### What is being asked:
Output the listing exactly as written, apart from its pictures.

### Input data:
--------------------------------
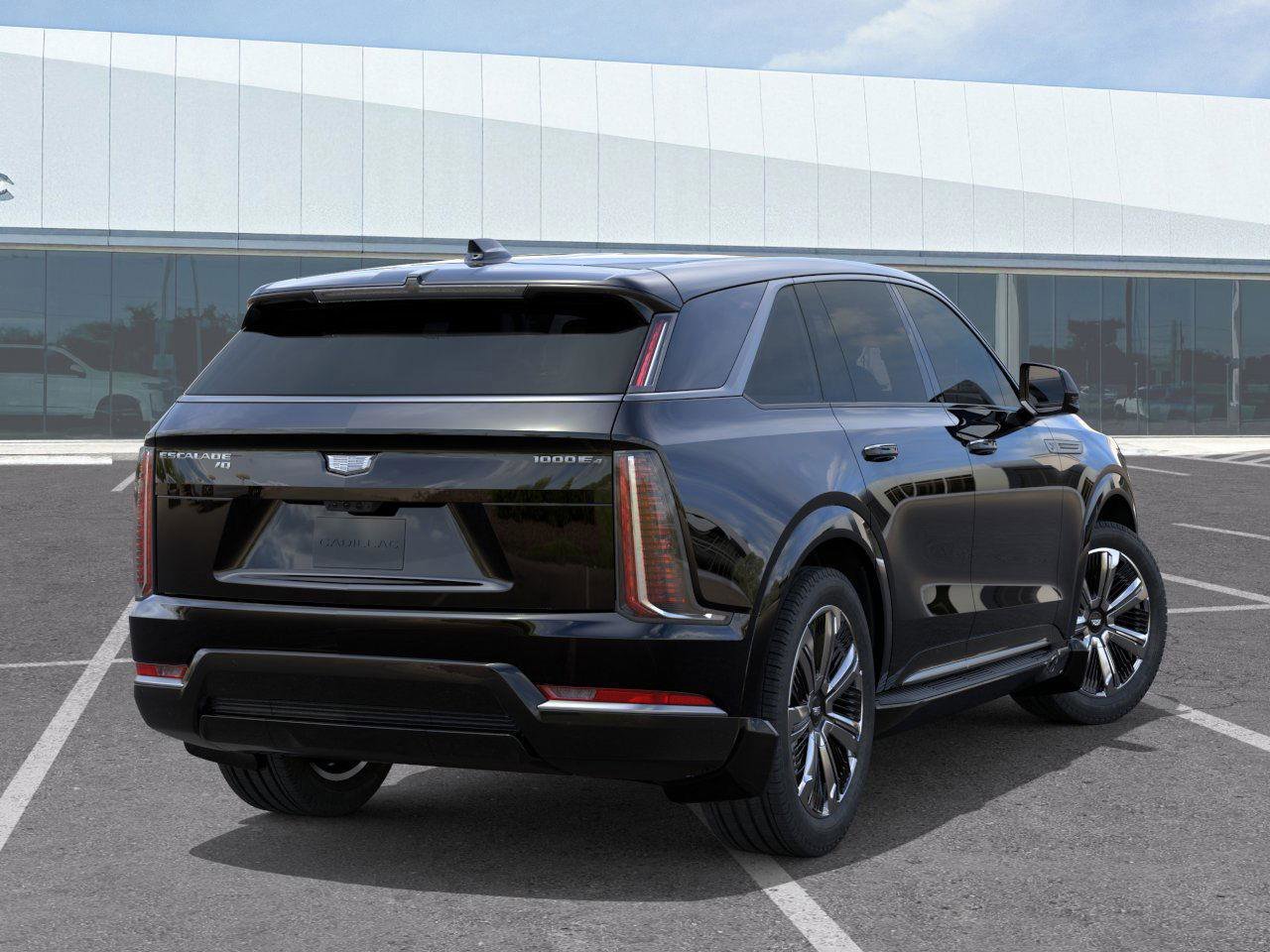 2025 Cadillac Escalade IQ Luxury 2 - Photo 4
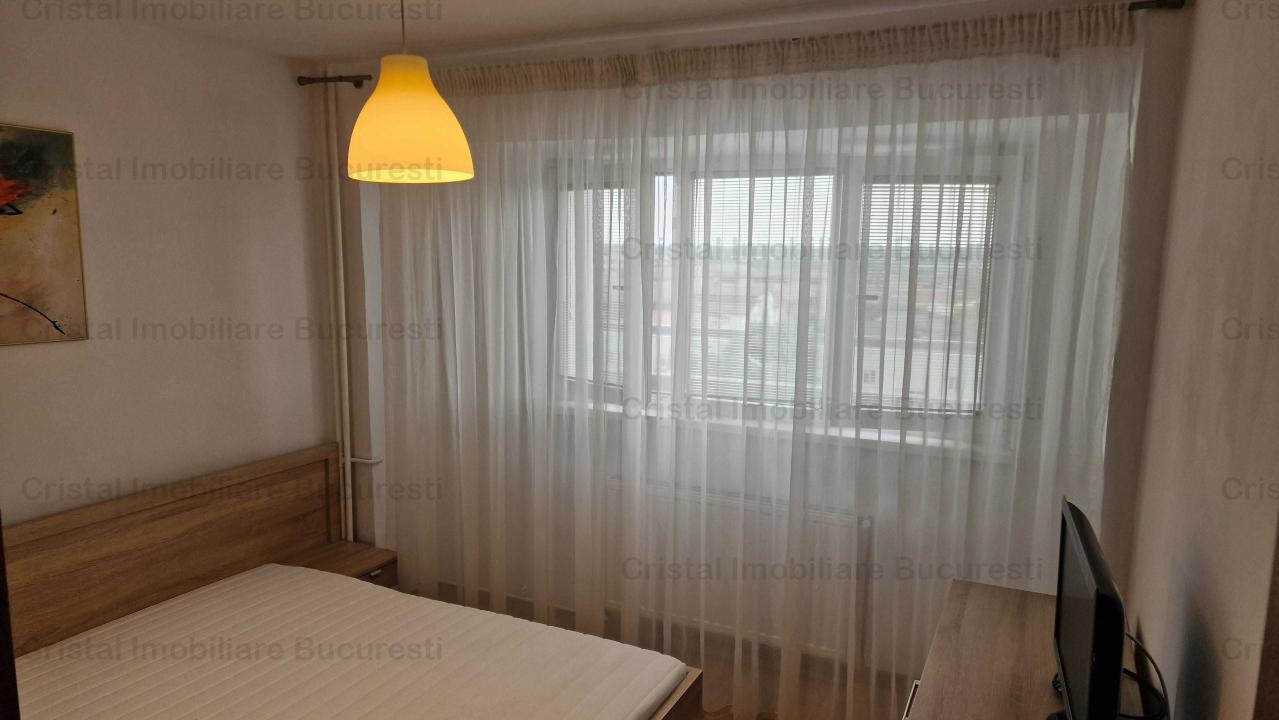 inchiriez apartament de 2 camere in zona 1 Decembrie 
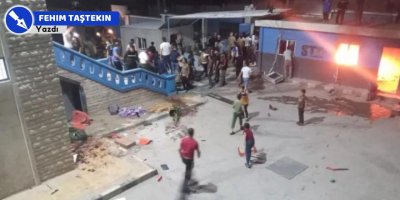 Suriye’den çarpan elektrik: Sırası mı şimdi!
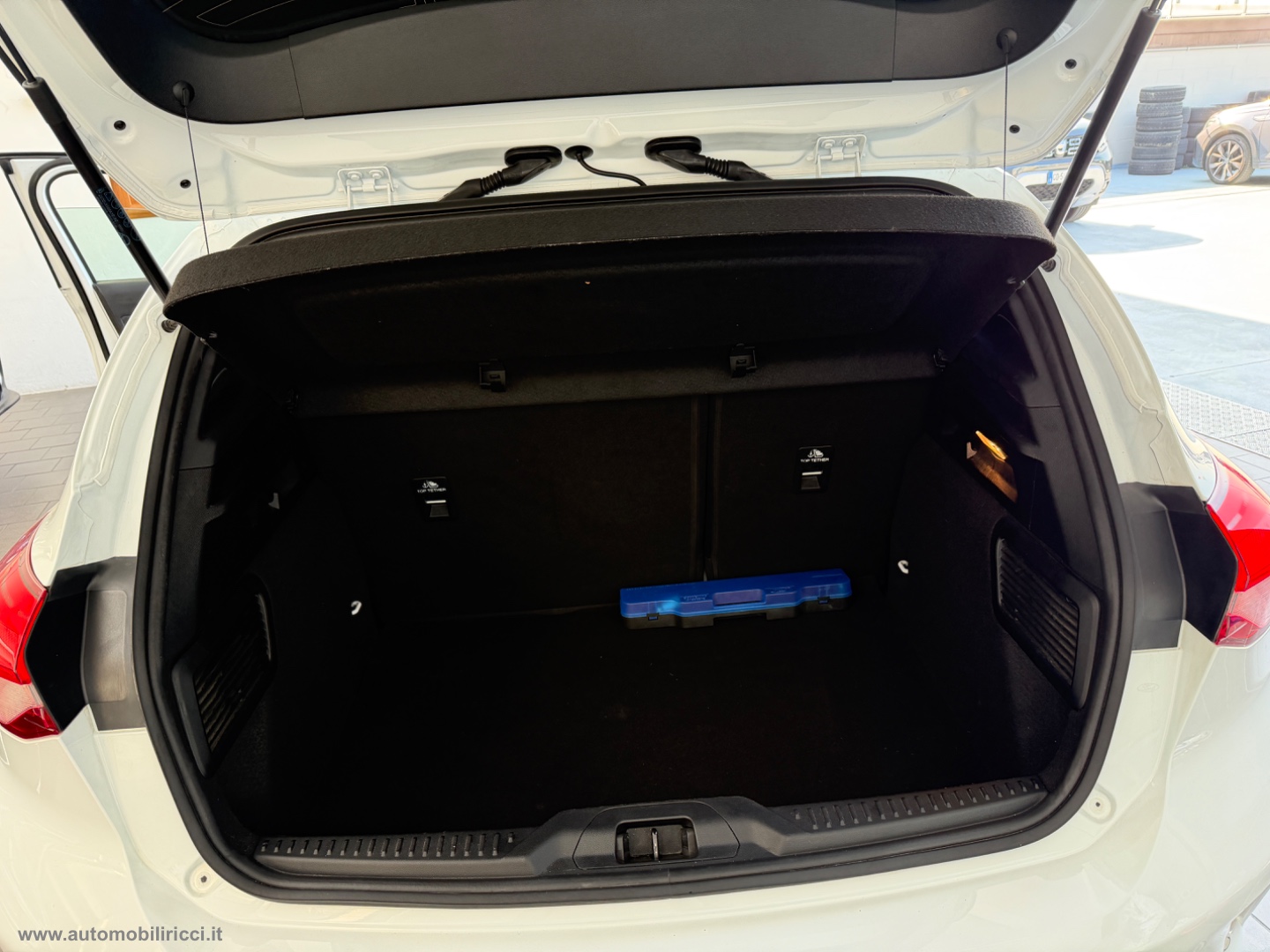 Focus 1.0 EcoBoost Hybrid 125CV ST LINE - immagine 12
--------------------------------
### Answer below:
 2025 Cadillac Escalade IQ Luxury 2 - Photo 4
 inchiriez apartament de 2 camere in zona 1 Decembrie 
 Suriye’den çarpan elektrik: Sırası mı şimdi!
 Focus 1.0 EcoBoost Hybrid 125CV ST LINE - immagine 12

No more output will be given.